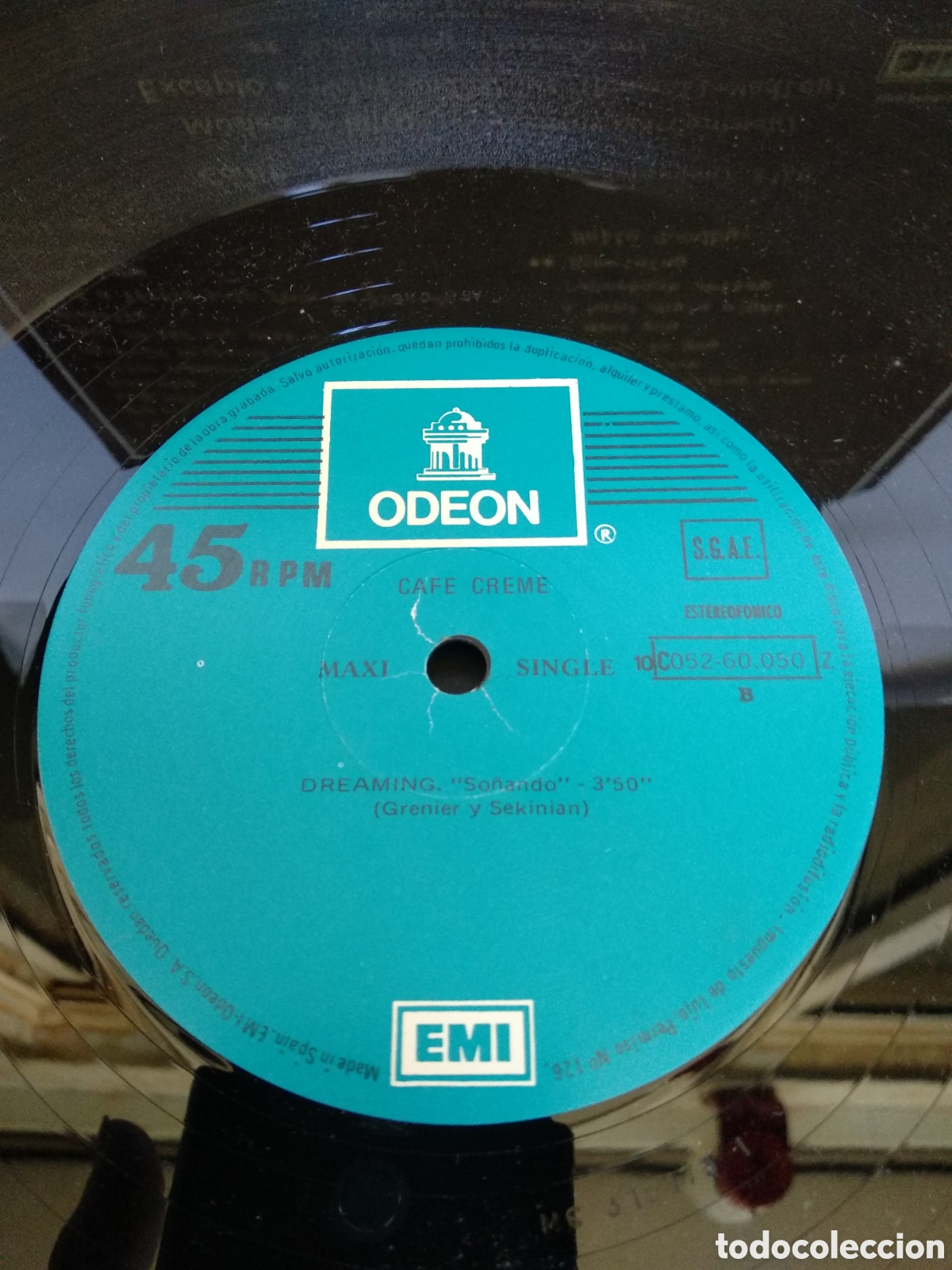 Discos de vinilo: *CAFE CREME, SPAIN, ODEON, 1977, J.1 - Foto 4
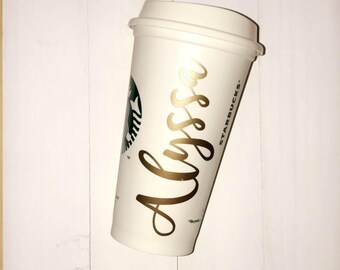 Personalized Starbucks Cup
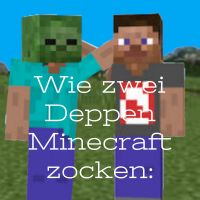 Wie zwei Deppen Minecraft zocken cover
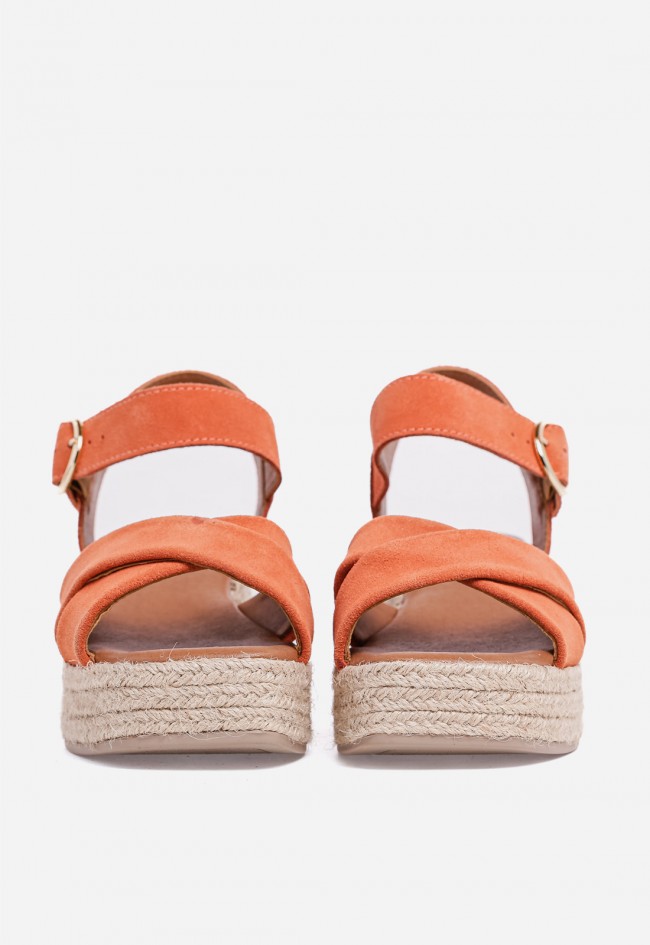Sandalia de cuña VAS New Bonita 11 coral: vibra mediterránea y estilo irresistible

Your objective - Retype the line containing "Wie zwei Deppen Minecraft zocken cover" and all lines after it to the end of the material, exactly as written, leaving out any pictures.

Written solution -
 Wie zwei Deppen Minecraft zocken cover
Sandalia de cuña VAS New Bonita 11 coral: vibra mediterránea y estilo irresistible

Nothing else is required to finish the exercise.